Chabon’s News

Well, wow. In a new piece in the New York Review of Books about how he came to write his first novel, The Mysteries of Pittsburgh (one of my favorites), Michael Chabon – who is married to a woman and has several children – writes of his college summers:

I had just been through, in the years preceding my decampment for the West, a pair of summers that had rattled my nerves and rocked my soul and shook my sense of self — but in a good way. I had drunk a lot, and smoked a lot, and listened to a ton of great music, and talked way too much about all of those activities, and about talking about those activities. I had slept with one man whom I loved, and learned to love another man so much that it would never have occurred to me to want to sleep with him. I had seen things and gone places in and around Pittsburgh, during those summers, that had shocked the innocent, pale, freckled Fitzgerald who lived in the great blank Minnesota of my heart.

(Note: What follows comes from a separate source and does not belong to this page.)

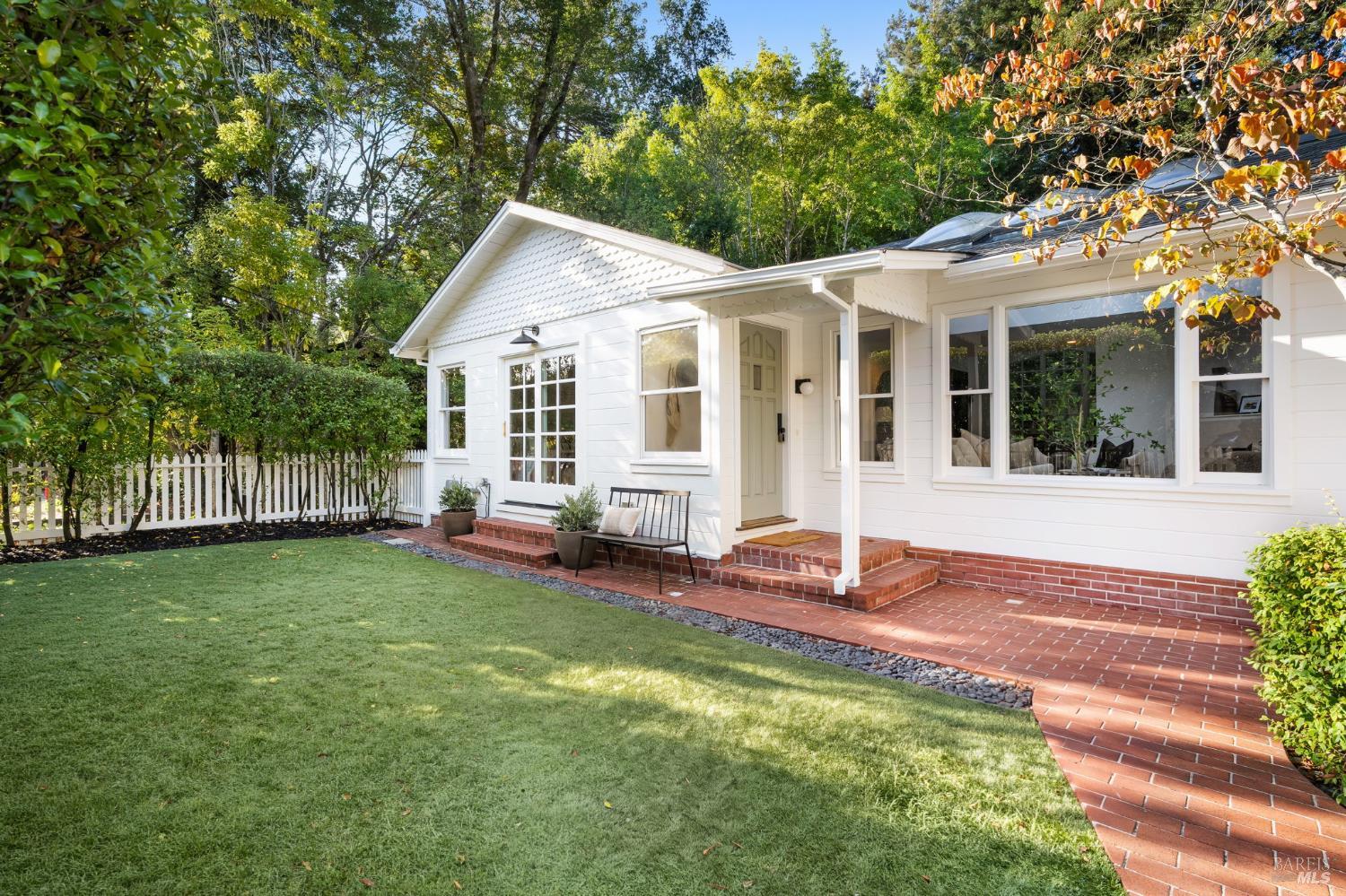 385 Throckmorton Avenue Mill Valley CA 94941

Three of Chabon’s four novels – The Mysteries of Pittsburgh, Wonder Boys, and The Amazing Adventures of Kavalier & Clay – have a major character who is gay or at least has homosexual tendencies. When I first read Pittsburgh I wondered if Chabon was gay, because the novel seems very autobiographical. When I learned that he was married, I figured that either he had experimented sexually (or was bisexual) or had a close relative or friend who was gay. For some reason I thought the former possibility less likely.

It’s totally none of my business or anyone else’s, of course, and I like how he discloses the information matter-of-factly in the middle of a paragraph. But even though we’re supposed to be blasé about sexual experimentation these days, it’s still a big deal to me that Chabon once loved and slept with a guy. I guess it’s because I’m gay and I’m a big fan of his.

So it’s not a big deal… but it is to me.

Carriker and Withrow

From Southern Voice: “An HIV-positive man has been indicted in Fayette and Fulton counties [in Georgia] on felony criminal charges for allegedly engaging in consensual sex with three other men without disclosing his HIV status, a violation of Georgia law.”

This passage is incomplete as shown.